## EXERCISE OBJECTIVE
Below is a block of records; return all of them exactly, but without the images.

## GIVEN DATA

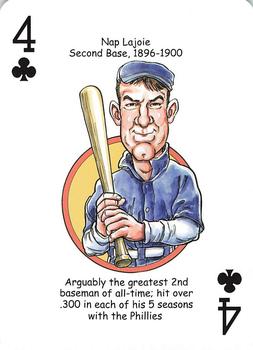 2013 Hero Decks Philadelphia Phillies Baseball Heroes Playing Cards #4♣ Nap Lajoie Front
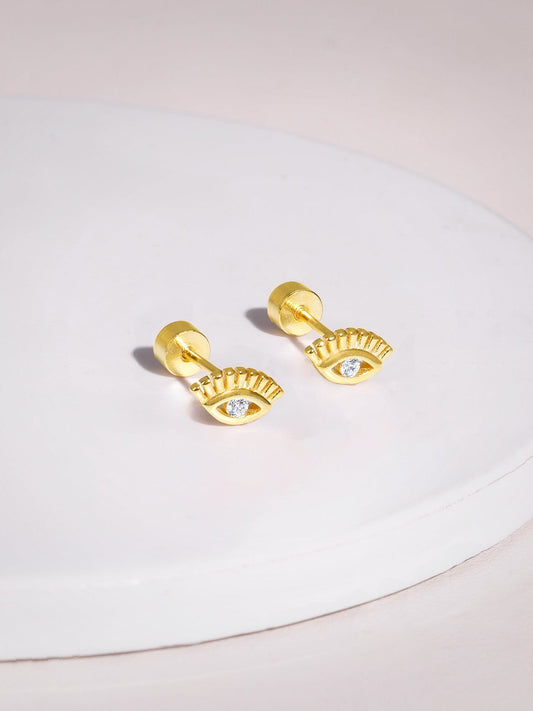 Golden Eyeconic Ear Piercings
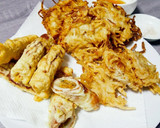 玉ねぎとひき肉のサクサク♪かき揚げ♡作り方4写真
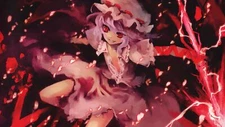 Anime girls red eyes pink hair touhou remilia Custom Gaming Mat Desk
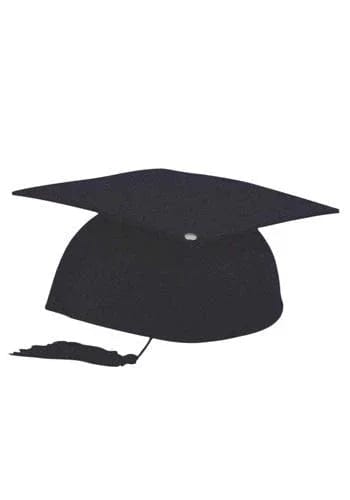 GRADUATION CAP W/ TASSEL - BLACK - USA Party Store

## OUTPUT OF THE EXERCISE
 2013 Hero Decks Philadelphia Phillies Baseball Heroes Playing Cards #4♣ Nap Lajoie Front
 Golden Eyeconic Ear Piercings
 玉ねぎとひき肉のサクサク♪かき揚げ♡作り方4写真
 Anime girls red eyes pink hair touhou remilia Custom Gaming Mat Desk
 GRADUATION CAP W/ TASSEL - BLACK - USA Party Store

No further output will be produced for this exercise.